■ Material provided:
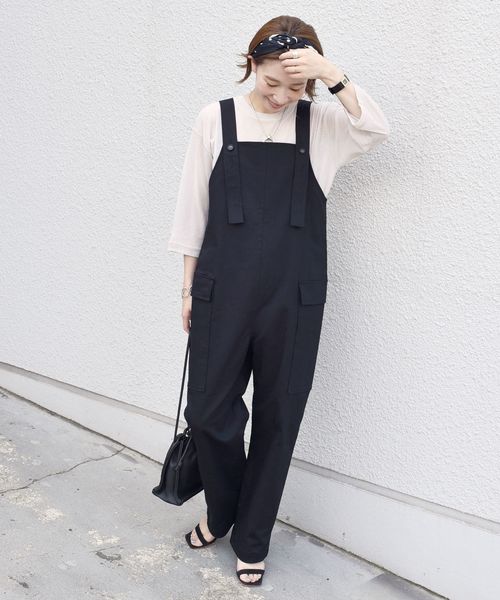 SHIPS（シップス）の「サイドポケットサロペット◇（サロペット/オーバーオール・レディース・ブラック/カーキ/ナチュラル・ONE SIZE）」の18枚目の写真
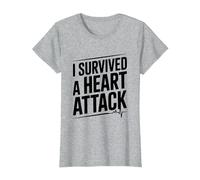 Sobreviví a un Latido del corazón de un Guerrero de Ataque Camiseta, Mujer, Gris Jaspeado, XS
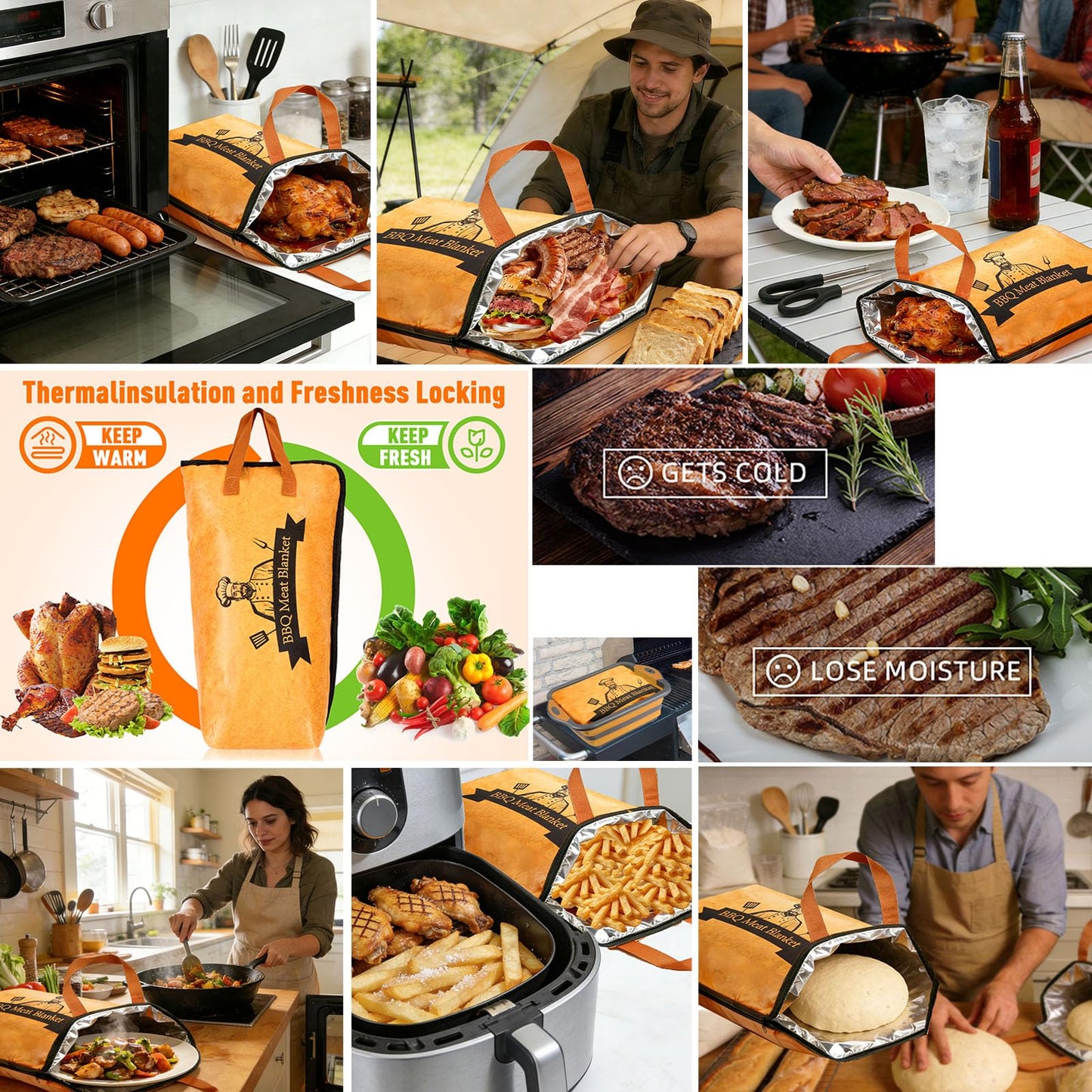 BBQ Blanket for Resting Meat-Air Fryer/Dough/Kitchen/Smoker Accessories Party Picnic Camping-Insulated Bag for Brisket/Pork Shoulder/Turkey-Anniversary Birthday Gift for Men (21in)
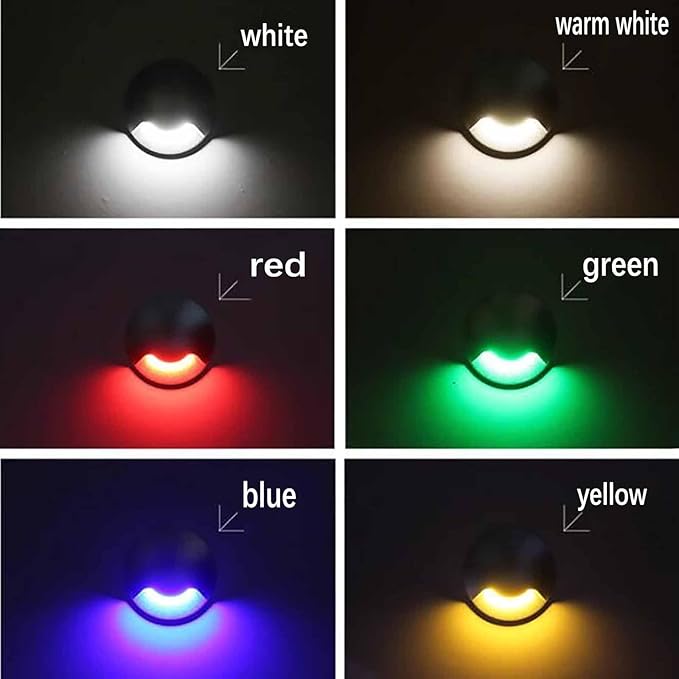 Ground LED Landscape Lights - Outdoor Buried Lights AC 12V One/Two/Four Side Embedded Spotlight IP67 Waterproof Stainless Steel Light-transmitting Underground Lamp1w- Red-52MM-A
---
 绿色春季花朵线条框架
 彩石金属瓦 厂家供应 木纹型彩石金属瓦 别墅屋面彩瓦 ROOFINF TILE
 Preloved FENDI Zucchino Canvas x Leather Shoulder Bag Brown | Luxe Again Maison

■ What to do: Would you please copy, word for word, everything above from the line containing "彩石金属瓦 厂家供应 木纹型彩石金属瓦 别墅屋面彩瓦 ROOFINF TILE" down to the line containing "Preloved FENDI Zucchino", those two lines included?

■ Answer:
 彩石金属瓦 厂家供应 木纹型彩石金属瓦 别墅屋面彩瓦 ROOFINF TILE
 Preloved FENDI Zucchino Canvas x Leather Shoulder Bag Brown | Luxe Again Maison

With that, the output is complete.